SRF News: Wie ist derzeit die Situation in der betroffenen Region um Valencia?
Franziska Grillmeier: Viele Menschen sind noch immer mit den Aufräumarbeiten beschäftigt. Langsam erst realisiert man, was da vor sechs Wochen überhaupt passiert ist. Während sich das Leben der Leute in der Altstadt von Valencia einigermassen normal präsentiert, sehen die betroffenen Vororte wie Cataroja oder Paiporta noch immer aus wie der Ground Zero.
Die Luft ist schlecht, Helfer tragen Atemmasken und Sicherheitsanzüge.
Man befindet sich dort in einer anderen Welt: Die Luft ist schlecht, Helfer tragen Atemmasken und Sicherheitsanzüge. Immer noch versucht man, den mitunter giftigen Schlamm aus Häusern und Garagen zu entfernen. Oft gibt es Probleme mit der Stromversorgung. Kurz: In den betroffenen Ortschaften herrscht vielerorts immer noch Ausnahmezustand.
Was bedeutet das für ältere Menschen oder solche, die beispielsweise auf einen Lift angewiesen sind?
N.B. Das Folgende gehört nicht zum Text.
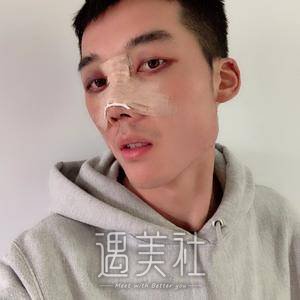 男人隆鼻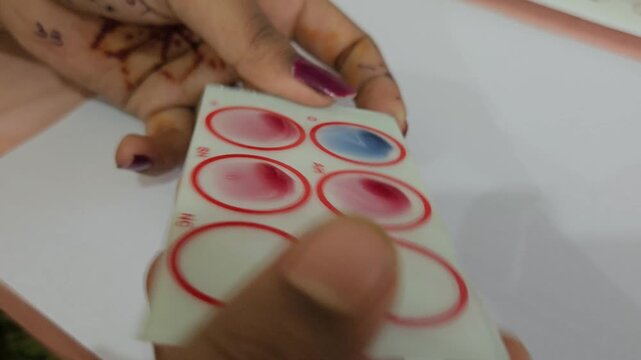 ABO and Rh blood grouping slide agglutination test performed in clinical laboratory. Blood samples mixed with antisera on a blood typing card for determining ABO and Rh (D) blood groups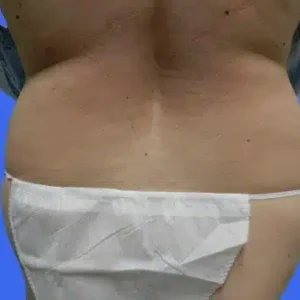 Liposuction before and after photos Liposuction before and after photos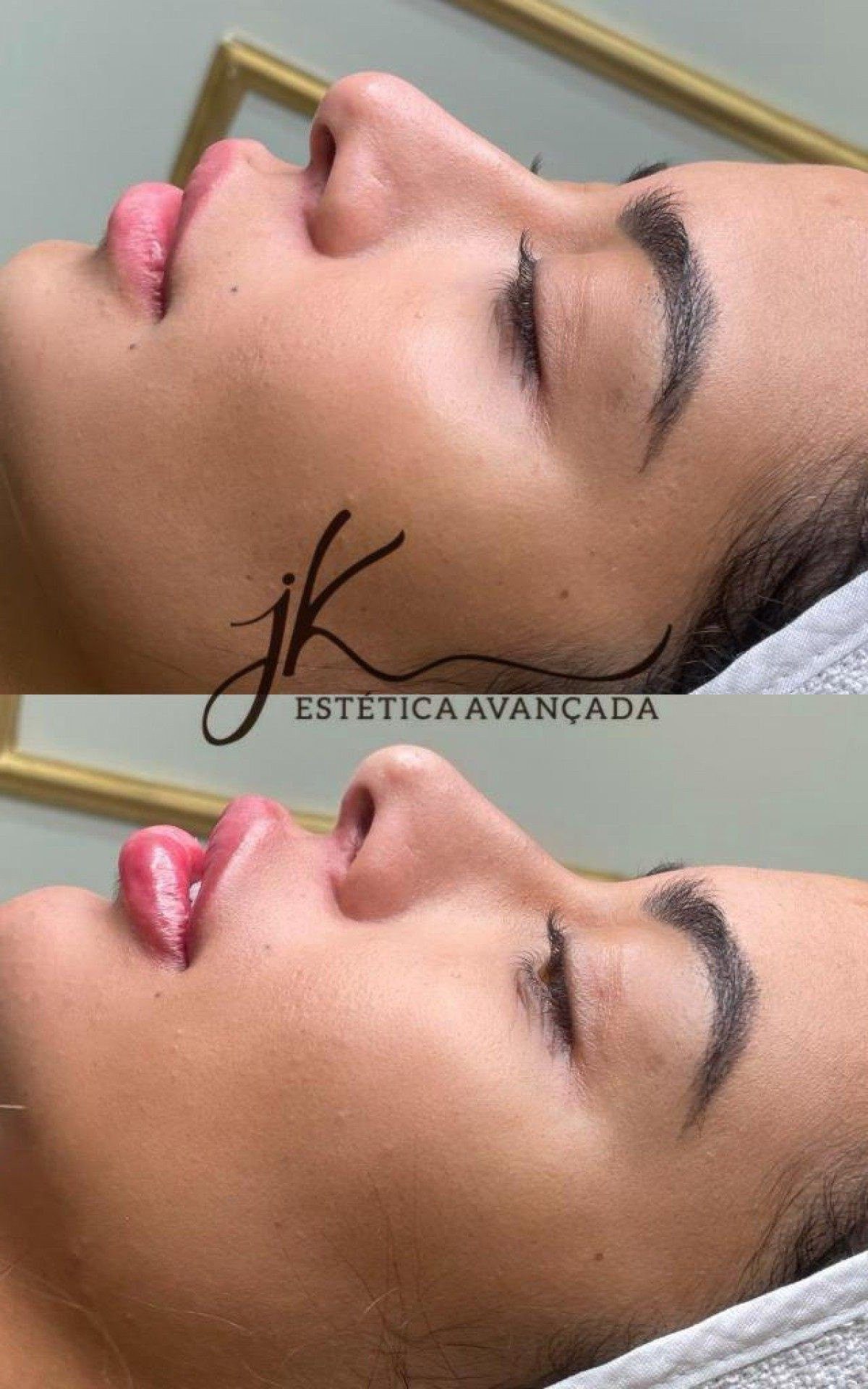 Antes e depois da harmoniza&ccedil;&atilde;o facial da influencer Rafaella Santos, irm&atilde; do jogador Neymar 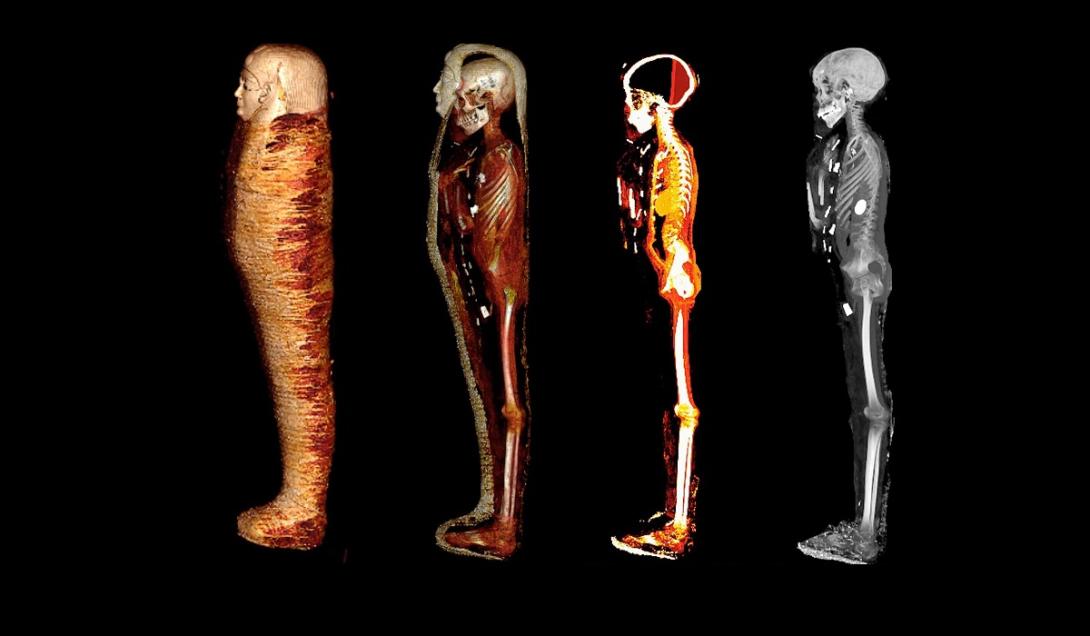 Análise da múmia do "menino de ouro" revela presença de 49 amuletos escondidos-0
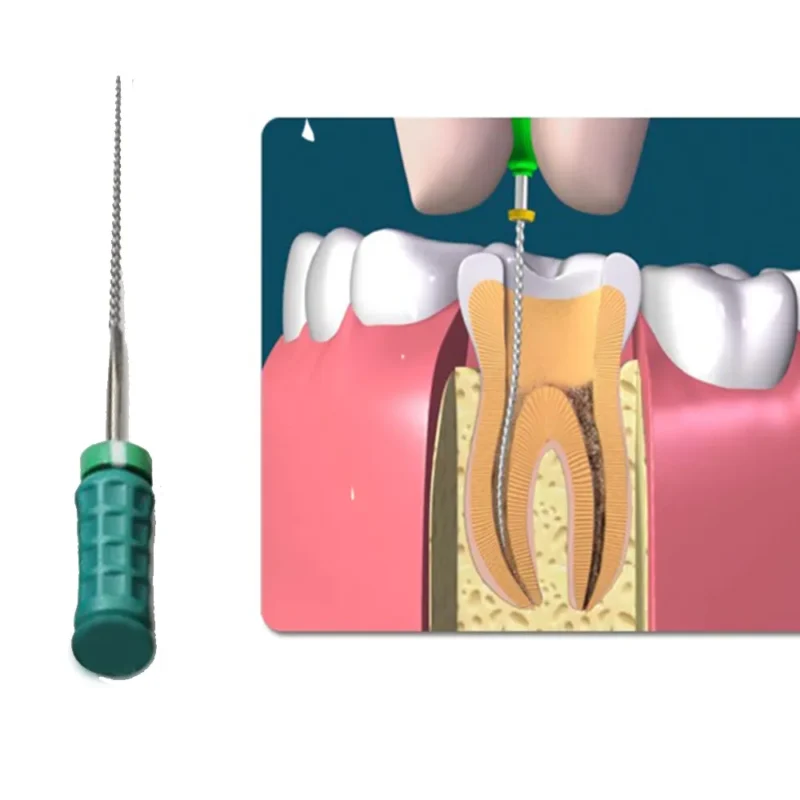 Dentsply M-Access K-Files 31mm (Hand Operated Files) | Dental Product at Lowest Price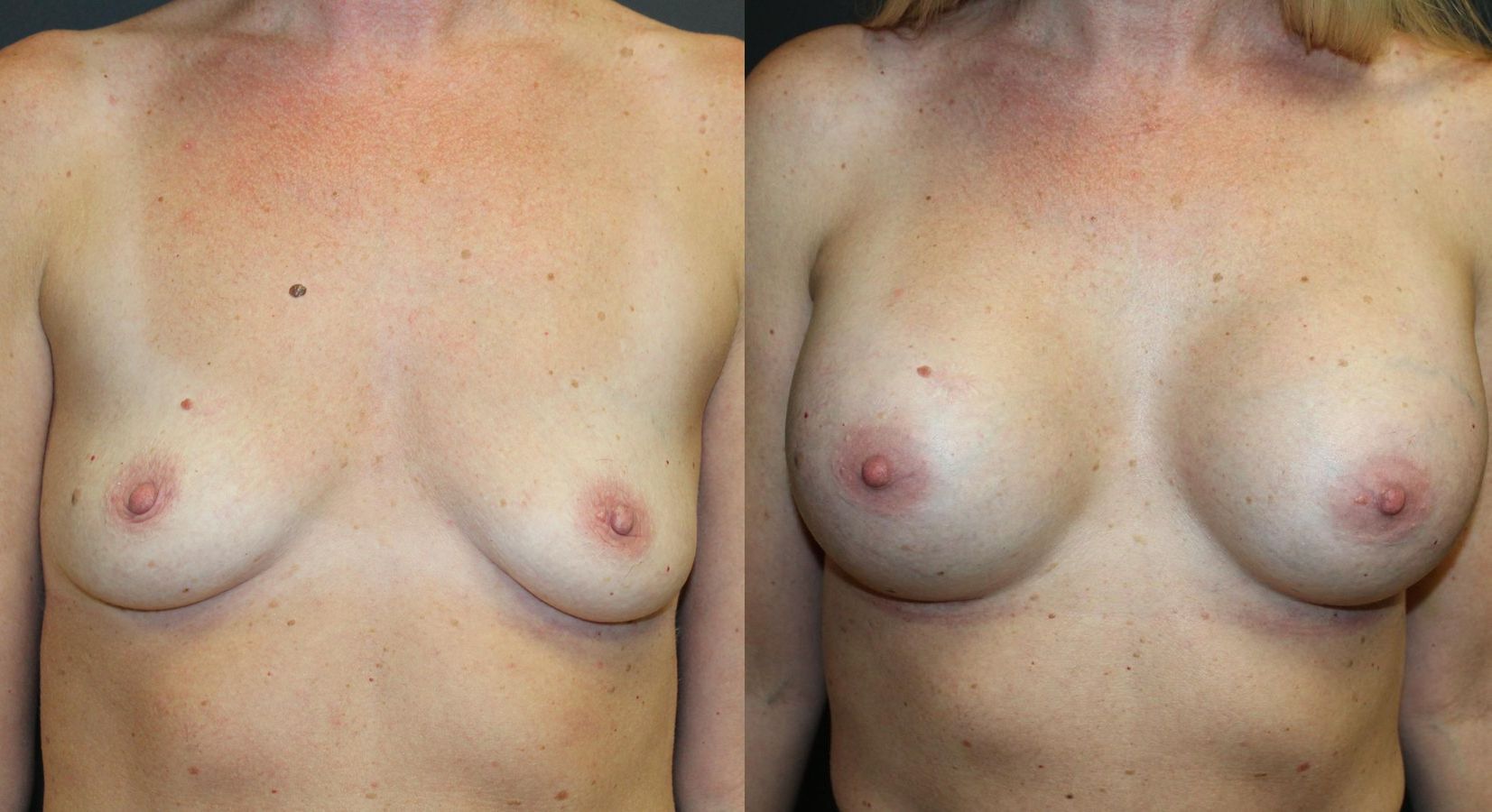 Before and after Breast Augmentation case 32615
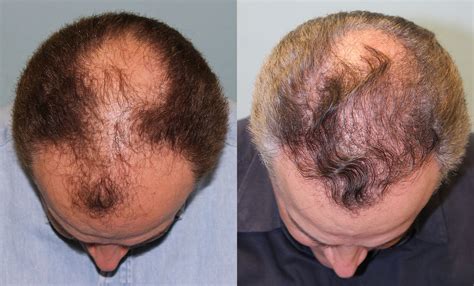 Hair Transplant Before & After #4 - Jesse E Smith, MD, FACS – Ft Worth ...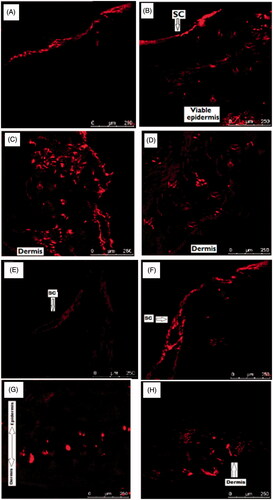 Figure 10. CLSM images of rat and human skin: (A) Control rat skin treated with fluorescence labelled patch containing free rutin F1; (B–D) Rat skin treated with fluorescence labelled RNP containing patch F2; (E) Control human skin treated with fluorescence labelled patch containing free rutin F1; (F–H) Human skin treated with fluorescence labelled RNP containing patch F2. Fluorescent probe (RhB) loaded patches were applied to dorsal skin area of the rats and human cadaver skin for 24 h. The exposed skin area was excised, washed with distilled water, frozen overnight in liquid nitrogen at −196 °C and skin samples were sectioned in a SHANDON CRYOTOME E (Thermo Electron Corporation, Waltham, MA, USA). Skin sections were examined in a Leica DMi8 confocal laser scanning microscope (Leica, Heidelberg, Germany) with optical excitation of argon laser beam at 520 nm and fluorescence emission of RhB at above 580 nm. Skin sections were imaged under 20× objective in the x-y axis to find the penetration depth and deposition of the RhB-loaded RNPs in the whole thickness of the skin.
In der Tat gibt es Menschen, die in den vergangenen sechs Wochen ihre Wohnung noch nie verlassen konnten – etwa weil ihr Lift nicht funktioniert. Für Ältere oder Alleinstehende ist es entsprechend schwierig, sich zu versorgen.
Mehr als die Hälfte der Menschen, die in den Fluten umgekommen sind, waren älter als 70 Jahre.
Viele beklagen, sie hätten tagelang keine Behördenvertreter gesehen. Geschafft hätten sie es nur dank der Hilfe von Nachbarn. Mehr als die Hälfte der Menschen, die in den Fluten umgekommen sind, waren älter als 70 Jahre. Sie konnten sich im Hochwasser nicht in höhere Stockwerke retten. Auch in Altersheimen kam es zu Tragödien, weil es die Pfleger nicht schafften, alle zu retten. Das ist in den betroffenen Familien ein grosses Trauma.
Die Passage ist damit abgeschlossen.